Traditional spell checking calculates the Levenshtein edit distance between an input word and every word in the dictionary:
Input: "မနမာ" (misspelled)

Compare with dictionary:
  "မြန်မာ" → edit distance = 2
  "မြန်" → edit distance = 3
  "မာန" → edit distance = 2
  ... (repeat for 100,000+ words)
Problem: This is O(N × M) where N = dictionary size, M = word length.
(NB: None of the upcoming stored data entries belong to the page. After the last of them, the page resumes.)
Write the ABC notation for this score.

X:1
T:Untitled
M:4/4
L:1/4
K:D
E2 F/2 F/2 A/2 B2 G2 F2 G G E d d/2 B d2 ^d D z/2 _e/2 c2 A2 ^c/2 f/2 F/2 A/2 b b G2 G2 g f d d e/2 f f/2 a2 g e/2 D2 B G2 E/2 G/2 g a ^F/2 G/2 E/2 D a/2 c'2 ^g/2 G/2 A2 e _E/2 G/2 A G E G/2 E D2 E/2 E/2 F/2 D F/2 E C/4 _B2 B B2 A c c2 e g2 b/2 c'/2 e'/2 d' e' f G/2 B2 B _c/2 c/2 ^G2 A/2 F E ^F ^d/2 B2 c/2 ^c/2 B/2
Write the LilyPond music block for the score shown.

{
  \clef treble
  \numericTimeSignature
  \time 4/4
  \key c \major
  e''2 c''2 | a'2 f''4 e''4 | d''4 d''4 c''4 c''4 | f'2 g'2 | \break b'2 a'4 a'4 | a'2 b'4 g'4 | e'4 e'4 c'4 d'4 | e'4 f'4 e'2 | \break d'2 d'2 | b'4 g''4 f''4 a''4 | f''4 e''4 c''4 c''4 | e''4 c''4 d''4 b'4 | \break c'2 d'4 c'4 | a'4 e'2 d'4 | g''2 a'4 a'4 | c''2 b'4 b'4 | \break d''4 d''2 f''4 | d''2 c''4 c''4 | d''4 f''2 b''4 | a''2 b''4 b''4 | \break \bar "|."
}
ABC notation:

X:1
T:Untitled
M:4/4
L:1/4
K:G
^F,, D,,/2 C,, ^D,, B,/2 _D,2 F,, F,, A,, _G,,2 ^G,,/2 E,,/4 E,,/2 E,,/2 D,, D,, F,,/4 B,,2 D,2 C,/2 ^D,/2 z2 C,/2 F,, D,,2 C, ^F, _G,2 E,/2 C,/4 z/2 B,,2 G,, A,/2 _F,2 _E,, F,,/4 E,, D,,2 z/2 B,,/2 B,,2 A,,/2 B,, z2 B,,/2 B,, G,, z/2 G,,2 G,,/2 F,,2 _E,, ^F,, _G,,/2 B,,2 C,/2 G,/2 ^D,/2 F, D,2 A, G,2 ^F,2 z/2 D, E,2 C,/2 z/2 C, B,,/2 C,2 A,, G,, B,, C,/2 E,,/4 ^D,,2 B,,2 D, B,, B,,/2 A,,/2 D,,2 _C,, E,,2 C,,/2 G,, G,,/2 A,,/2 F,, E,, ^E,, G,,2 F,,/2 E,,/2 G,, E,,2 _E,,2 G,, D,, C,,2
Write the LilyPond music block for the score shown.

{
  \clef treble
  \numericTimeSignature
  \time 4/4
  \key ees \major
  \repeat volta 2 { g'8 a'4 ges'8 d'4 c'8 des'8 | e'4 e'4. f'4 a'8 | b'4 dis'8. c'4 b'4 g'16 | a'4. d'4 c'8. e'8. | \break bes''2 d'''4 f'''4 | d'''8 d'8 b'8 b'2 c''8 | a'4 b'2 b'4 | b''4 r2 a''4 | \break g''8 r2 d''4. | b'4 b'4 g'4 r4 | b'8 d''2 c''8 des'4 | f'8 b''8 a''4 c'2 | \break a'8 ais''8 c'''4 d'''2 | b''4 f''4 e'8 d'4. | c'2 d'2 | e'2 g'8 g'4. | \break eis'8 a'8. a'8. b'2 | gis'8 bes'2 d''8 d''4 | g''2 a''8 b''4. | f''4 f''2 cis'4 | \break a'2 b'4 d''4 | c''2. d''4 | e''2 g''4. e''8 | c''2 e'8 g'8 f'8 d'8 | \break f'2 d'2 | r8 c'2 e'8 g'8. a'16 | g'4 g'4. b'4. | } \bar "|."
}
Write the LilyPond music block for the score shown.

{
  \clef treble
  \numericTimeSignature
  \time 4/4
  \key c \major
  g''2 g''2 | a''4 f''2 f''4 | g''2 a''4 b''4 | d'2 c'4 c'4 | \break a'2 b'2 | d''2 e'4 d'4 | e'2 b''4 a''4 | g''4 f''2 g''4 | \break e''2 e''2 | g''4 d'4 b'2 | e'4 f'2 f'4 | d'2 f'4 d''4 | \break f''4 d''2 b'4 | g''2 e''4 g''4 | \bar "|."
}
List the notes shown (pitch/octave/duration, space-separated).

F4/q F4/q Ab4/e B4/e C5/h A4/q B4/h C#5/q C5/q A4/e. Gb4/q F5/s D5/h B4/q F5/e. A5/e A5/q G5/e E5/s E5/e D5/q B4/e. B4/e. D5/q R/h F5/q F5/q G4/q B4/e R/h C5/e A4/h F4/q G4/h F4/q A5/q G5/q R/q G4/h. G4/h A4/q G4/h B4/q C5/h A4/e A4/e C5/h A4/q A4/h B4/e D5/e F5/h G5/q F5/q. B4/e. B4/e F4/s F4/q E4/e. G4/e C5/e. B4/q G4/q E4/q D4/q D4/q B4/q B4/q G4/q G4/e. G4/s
For a 100,000-word dictionary, this means 100,000 comparisons per lookup.

The Solution: Symmetric Delete

SymSpell’s key insight: Instead of comparing words directly, pre-compute all possible deletions.

Why “Symmetric”?

If we delete characters from both the dictionary word AND the misspelled word, they’ll meet in the middle:
Dictionary word: "မြန်မာ" (Myanmar)
                      ↓ delete "ြ"
                  "မန်မာ"
                      ↑ delete "န"
Misspelled word:  "မနမာ"
Both reach the same intermediate form through deletions!

How It Works

1

Indexing (Build Time)

For each word in the dictionary, generate all possible deletions up to max_edit_distance (typically 2):
Dictionary word: "မြန်မာ" (Myanmar)

Generate deletes (distance 1):
  Delete position 0: "ြန်မာ"   (remove မ)
  Delete position 1: "မန်မာ"   (remove ြ)
  Delete position 2: "မြမာ"    (remove န်)
  Delete position 3: "မြန်မ"   (remove ာ)
  Delete position 4: "မြန်မာ"  (remove invisible char)

Generate deletes (distance 2):
  "န်မာ", "ြမာ", "မမာ", "မြမ", ...
Store in hash map:
Index = {
  "မန်မာ": ["မြန်မာ"],
  "ြန်မာ": ["မြန်မာ"],
  "မြမာ": ["မြန်မာ"],
  "န်မာ": ["မြန်မာ", "ကန်မာ"],  // Multiple words can map here
  ...
}
2

Lookup (Query Time)

When checking a misspelled word, generate its deletions too:
Input: "မနမာ" (misspelled - missing ြ and န်)

Generate deletes:
  Distance 0: "မနမာ" (the word itself)
  Distance 1: "နမာ", "မမာ", "မနာ", "မနမ"
  Distance 2: "မာ", "နာ", "မမ", ...
3

Match

Look up each deletion in the pre-built index:
Lookup "မနမာ" → Not found
Lookup "နမာ"  → Not found
Lookup "မမာ"  → Found! Points to ["မြန်မာ"]
Result: Found candidate “မြန်မာ” in O(1) hash lookup!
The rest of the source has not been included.